Giorgio Bassani begins The Garden of the Finzi-Continis with a day trip out of Rome that leads by happenstance to the montarozzi, the funeral mounds strewn across the Latium, and then to the tombs of the Etruscans, and then to the memory of the ostentatious mausoleum of the Finzi-Continis in the Jewish cemetery Ferrara.
That same urge to go to the cemetery led Pier Paolo Passolini to the foreigners’ dark garden where Gramsci’s remains were entombed. In “The Ashes of Gramsci” he found a deathly peace, contemplating “the finish of the decade that saw / the profound naïve struggle to make / life over collapse in ruins . . . (but not for us: you, dead, and we / dead too with you in this humid garden) . . .”
After more than a decade of peregrinations about Italy, Mussolini’s body was at last buried in his birthplace.
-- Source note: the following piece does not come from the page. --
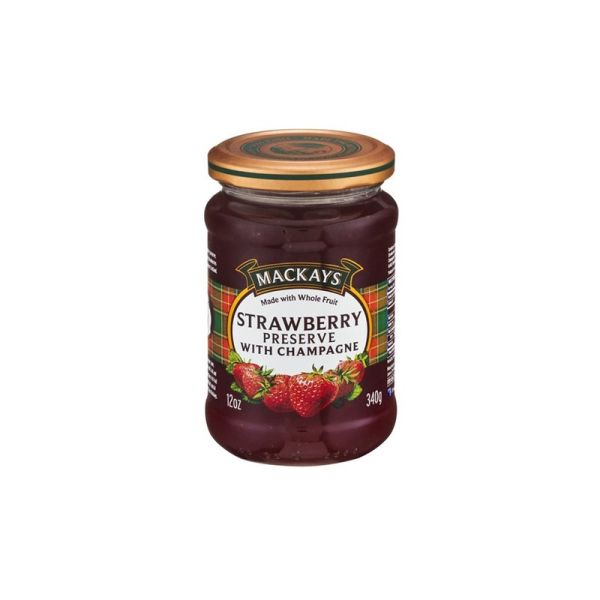 STRAWBERRY PRESERVE CHAMPAGNE MACKAYS 340g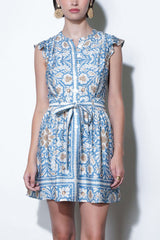 Greylin Bailey Flutter Sleeve Mini Dress in Dusty Blue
Predappio is now filled with souvenir shops selling T-shirts, sweatshirts—all black, not black as in “too hip to wear grey,” but as in Blackshirts; badges, coffee cups, busts, beer mugs, refrigerator magnets, posters, calendars, bibs with Mussolini’s face and Fascist insignia, history repeating itself, after tragedy and farce, as kitsch.
In 1966, the six test tubes containing the samples of Mussolini’s brain were returned to his widow, with the compliments of the US ambassador to Italy, although the tag on the box misspelled his name as “Mussolinni.”
A few years later a McDonald’s was opened overlooking the Piazzale Loreto, eaters of il fast gazing out at the bronze slab atop a stone plinth, a memorial to the fourteen Partisans whose bodies were dumped there, with a bas-relief sculpture that suggests the naked and heroic figures featured in the Great German Art exhibitions of Nazi Germany.
In 2009, the Villa Feltrinelli, Mussolini’s last home, was opened as a luxury hotel.
In that same year, for a minimum bid of 15,000 euros, three glass vials said to contain the blood and brains of Mussolini were offered for sale on eBay, although the listing was removed hours after being posted, as eBay policy states: “We don’t allow humans, the human body, or any human body parts or products to be listed on eBay.” ☐
In addition to the work cited directly in the text, I am deeply indebted to Italo Calvino’s “The Dictator’s Hats,” Stanford Italian Review, Vol. 8, nos. 1/2, 1990, translated by Chris Bogie; to R.J.B. Bosworth’s Mussolini, New York: Oxford University Press, 2002; Sergio Luzzatto’s The Body of Il Duce: Mussolini’s Corpse and the Fortunes of Italy (translated by Frederika Randall) New York: Metropolitan Books, Henry Holt & Company, 2005; Philip V. Cannistraro and Brian R. Sullivan’s Il Duce’s Other Woman, New York: Morrow, 1993; Frances Stonor Saunders’ The Woman Who Shot Mussolini, New York: Metropolitan Books, Henry Holt & Company, 2010; Victoria de Grazia’s How Fascism Ruled Women: Italy, 1922-1945, Berkeley, Los Angeles, Oxford: University of California Press, 1992; and Simonetta Falasca-Zamponi’s Fascist Spectacle: The Aesthetics of Power in Mussolini’s Italy, Berkeley, Los Angeles, London: University of California Press, 1997.